You may test that assumption at your convinience.
Citizen
Once again, I can't help but feel: is that what the romans felt when the republic became the empire?
 

MrBlud

Well-known member
Citizen
So for half the country it'll be trips to California or New York or coathangers. Absolutely dreadful. Our only hope is this swings the electorate against the GOP and we survive November. Because I do not want to see a Post-Roe emboldened GOP with the House and Senate, with only Biden to check them.

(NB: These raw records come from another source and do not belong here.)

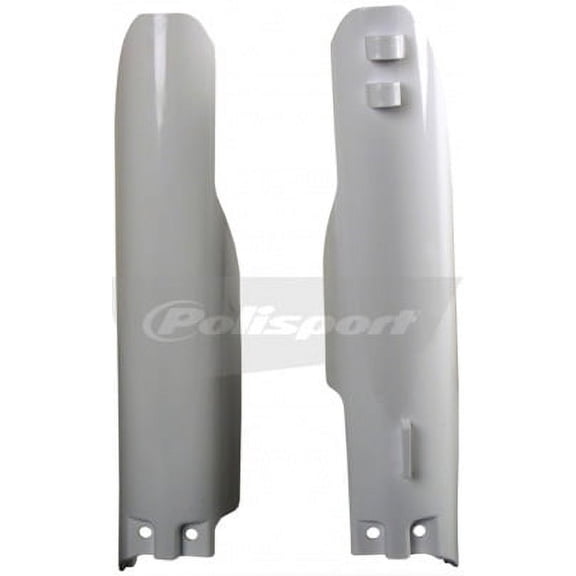 Polisport Plasticos, S.a. 8351100001 Fork Guards Rm125/250 Color White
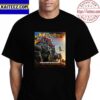 Transformers Rise Of The Beasts 2023 New Poster Vintage T-Shirt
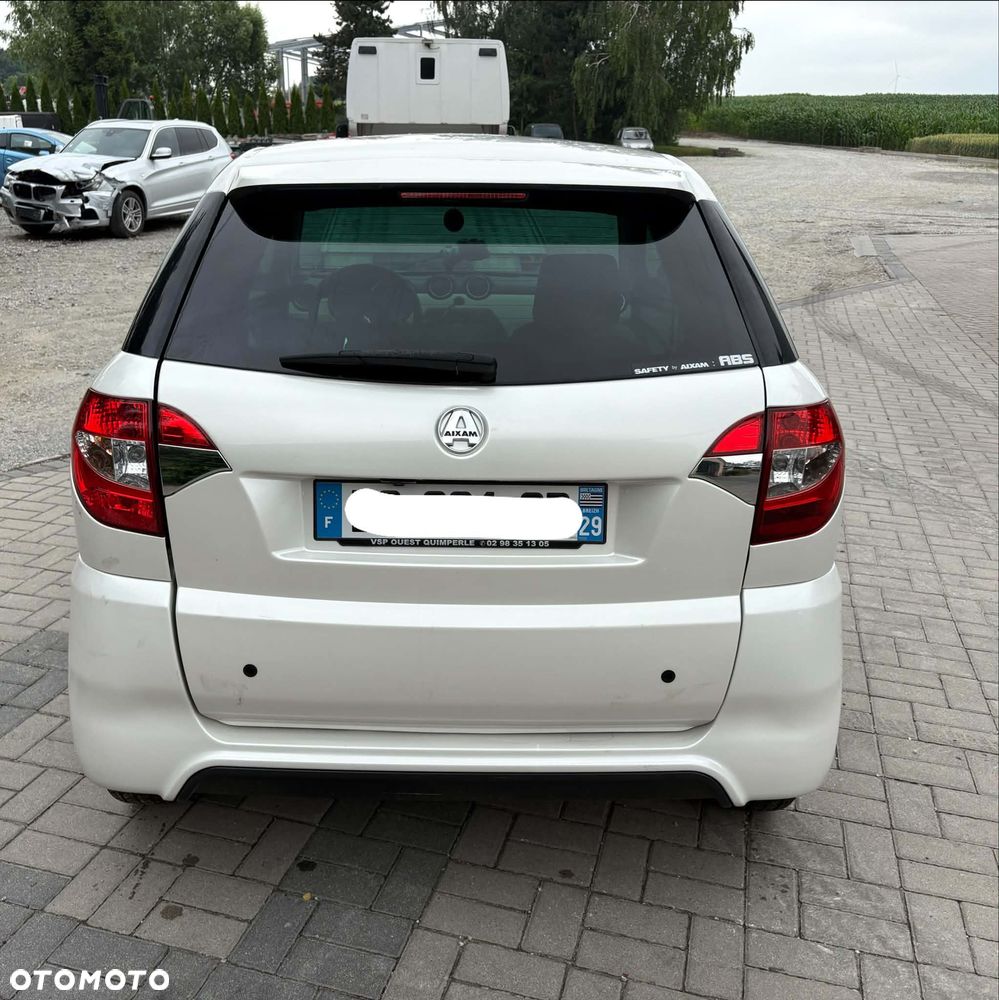 Aixam Coupe - 7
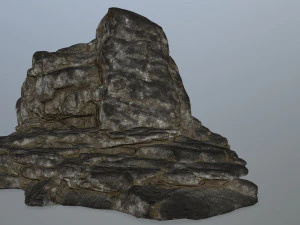 rocks 3D Model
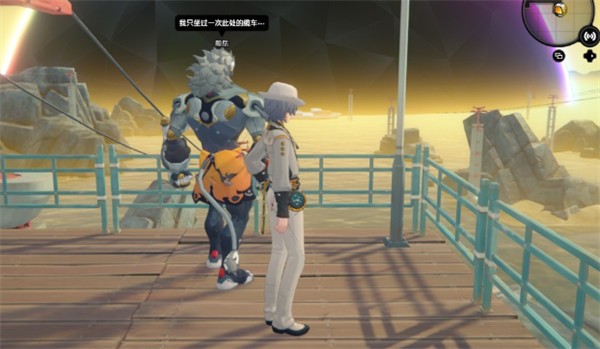 绝区零般岳密友同行逸趣事件地点一览5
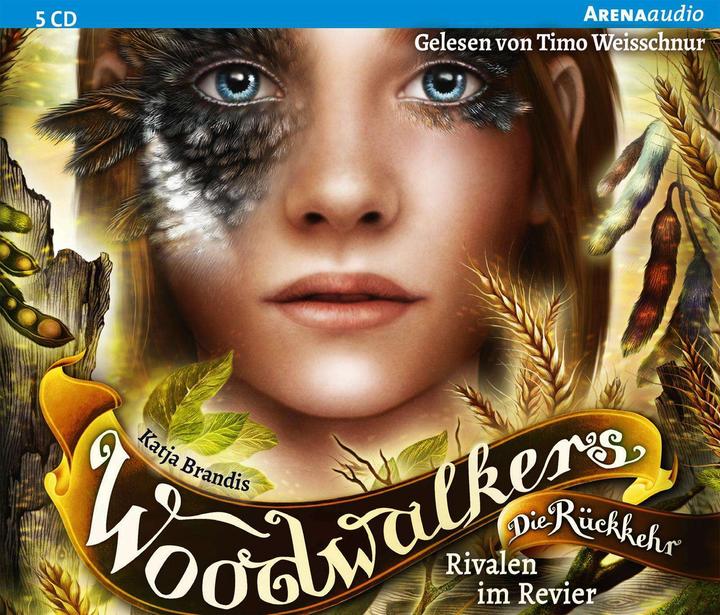 Produktbild Brandis:Woodwalkers - Die Rückkehr (Sta (Katja Brandis, Deutsch)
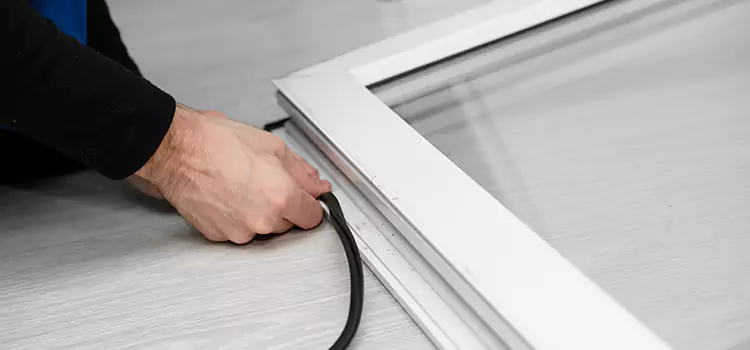 Commercial Door Weather Stripping Roanoke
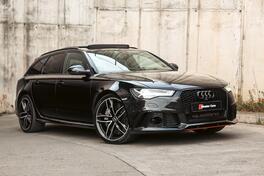 Audi - RS6 - Audi RS6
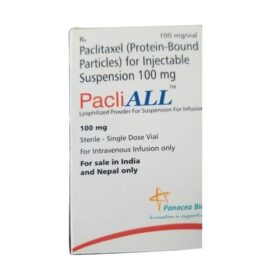 Pacli All 100mg Injection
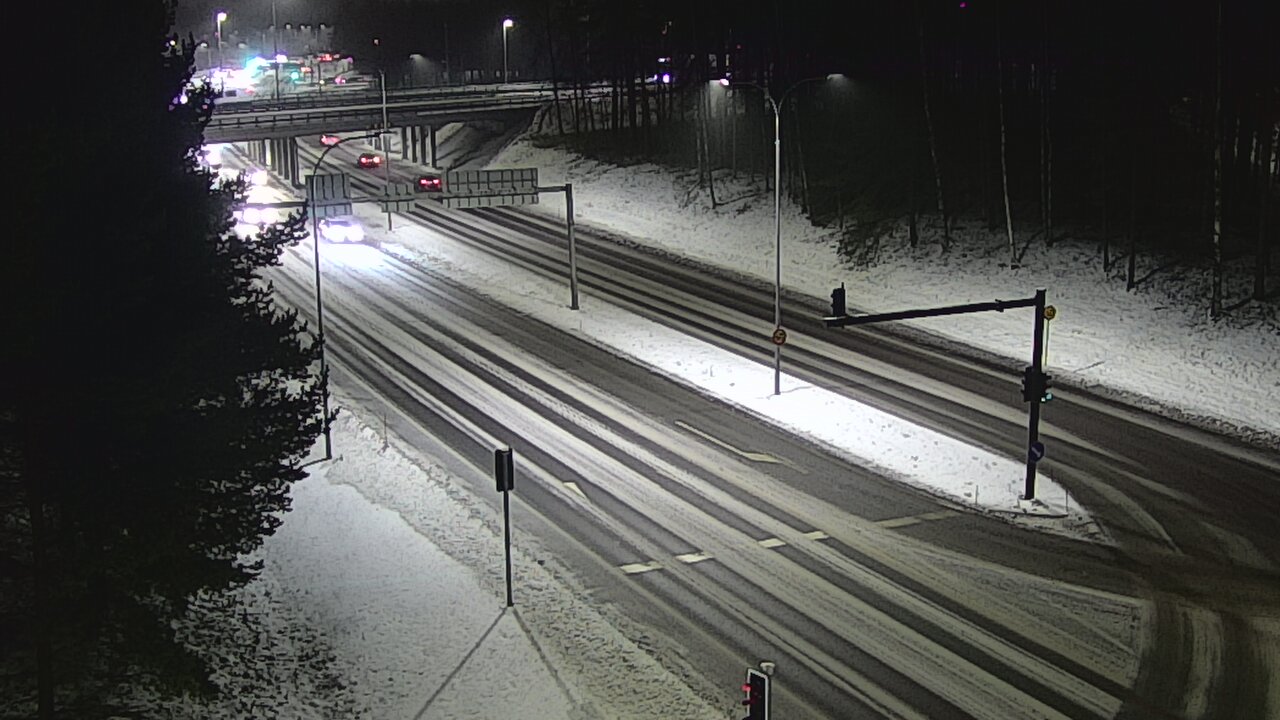 Kelikamerat Kuva Tie 22 Oulu länsi, Oulu, Pohjois-Pohjanmaa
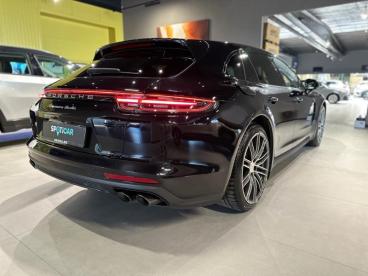 SPOTICAR Porsche Panamera Turbo Tweedehands - Break Benzine Black - Gilly - 1200359875_5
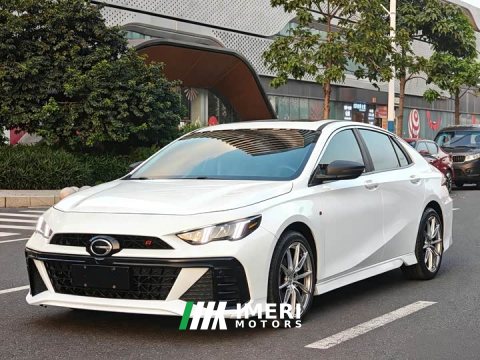 2023 Trumpchi Leopard 2021 270T DCT J11 - ავტომობილი ჩინეთიდან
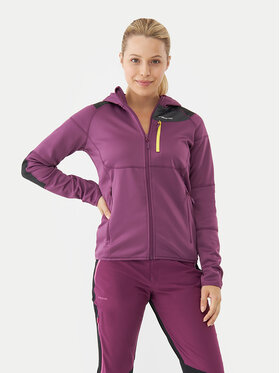 Viking Viking Technikai pulóver Yosemite Lady 720/24/1232 Rózsaszín Regular Fit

We're in for hell if that happens.

They’re doing this IN AN ELECTION YEAR because they know they have enough voting roadblocks in place that dissent through the ballot box will be meaningless.

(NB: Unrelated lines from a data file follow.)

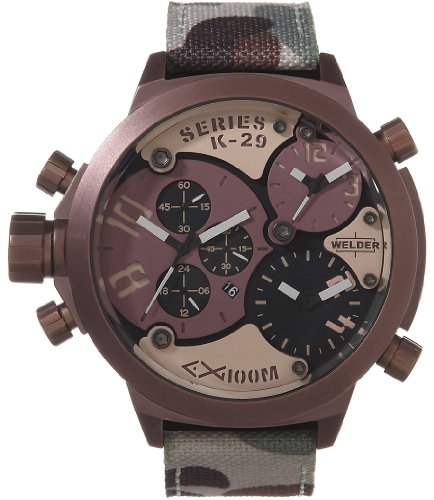 Welder Watch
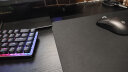 赛睿（SteelSeries）QCK系列 Heavy L/M/S鼠标垫 游戏鼠标垫 电脑桌垫 职业电竞鼠标垫 电竞桌垫加厚橡胶基底 QcK Large（450*400*2mm） 晒单实拍图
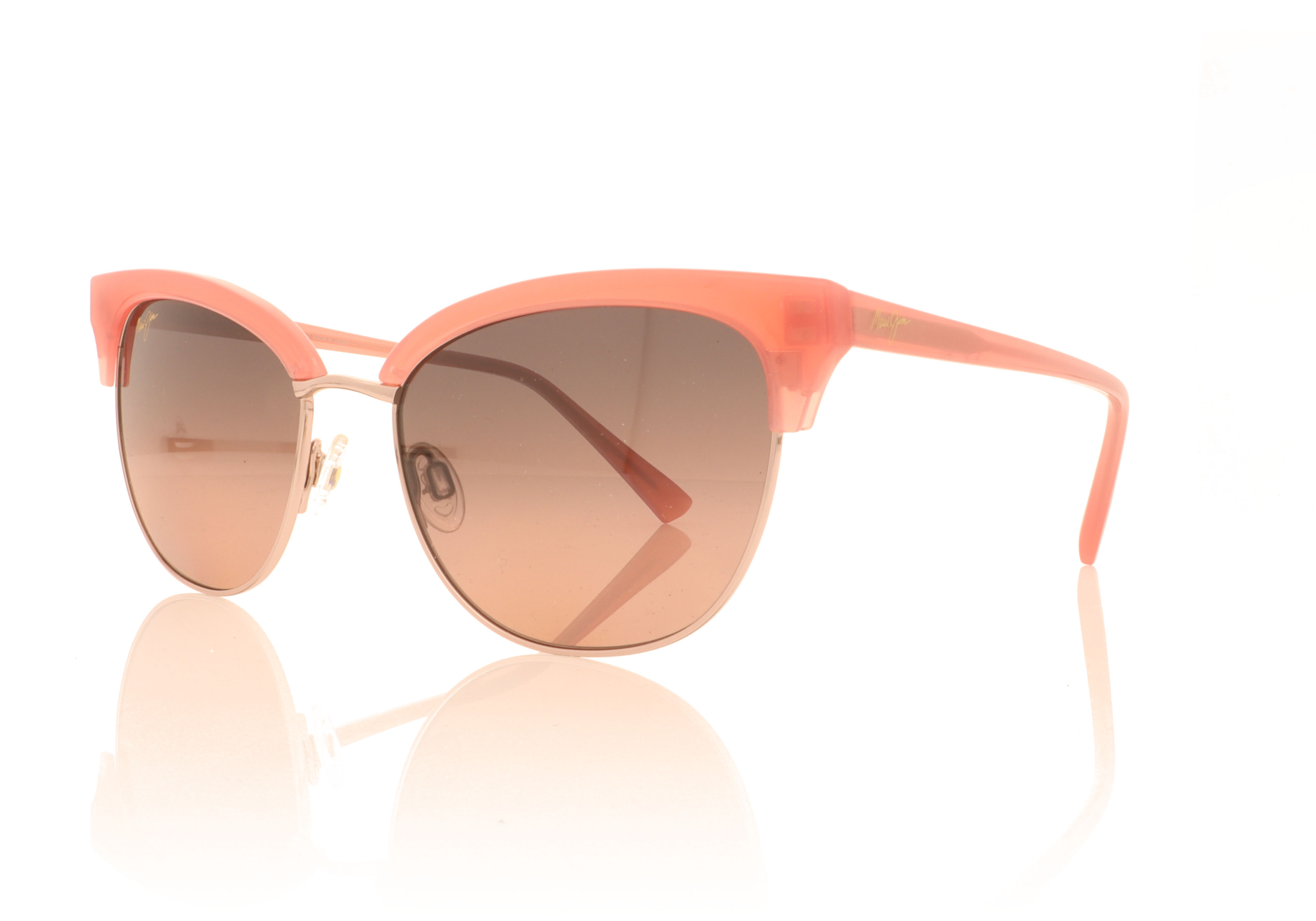 Maui Jim Lokelani Bubblegum 09 Sunglasses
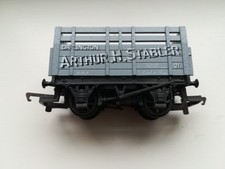 Hornby OO Gauge R.203 Arthur H Stabler of Darlington Coke Wagon Good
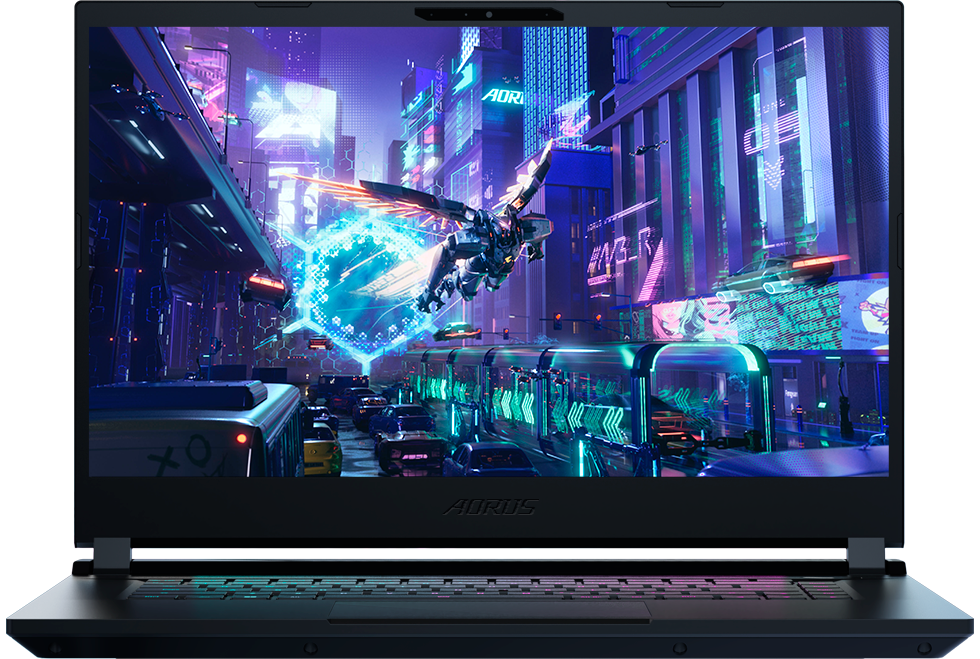 Pantalla Gigabyte Aorus 15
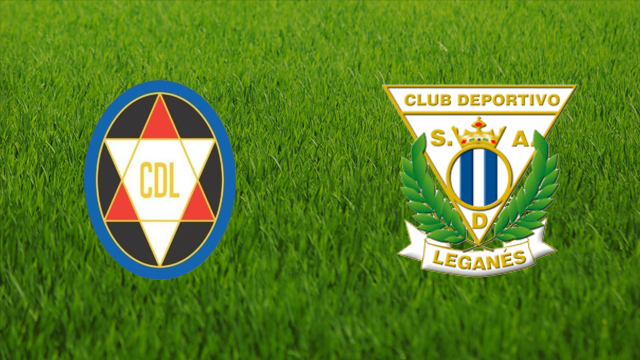 CD Logroñés vs. CD Leganés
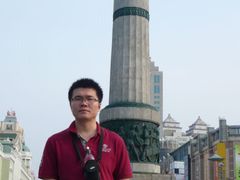 景点-人民防洪胜利纪念塔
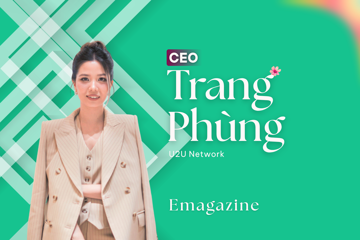 ‘Mang trứng chọi đá’ và hành trình kiến tạo hạ tầng số của người Việt qua lời kể của CEO U2U Network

As Kennedy warned “Those who make peaceful revolution impossible will make violent revolution inevitable”

Be prepared for a very “bumpy” next half decade.
 

Patch

Well-known member
Citizen
No one should be surprised, we knew this was coming the second we saw the headlines on RBG passing away.
 

Ungnome

Grand Empress of the Empire of One Square Foot.
Citizen
I'm hoping you're wrong about that. If only left leaning people can get motivated to vote in the midterms, we might be able to stave off a further backslide.

Texas law should still be ruled unconstitutional based on interstate commerce law, though. One state has NO right to regulate what happens in another state, even if one of their citizens goes to the second state to do something deemed illegal in the first state.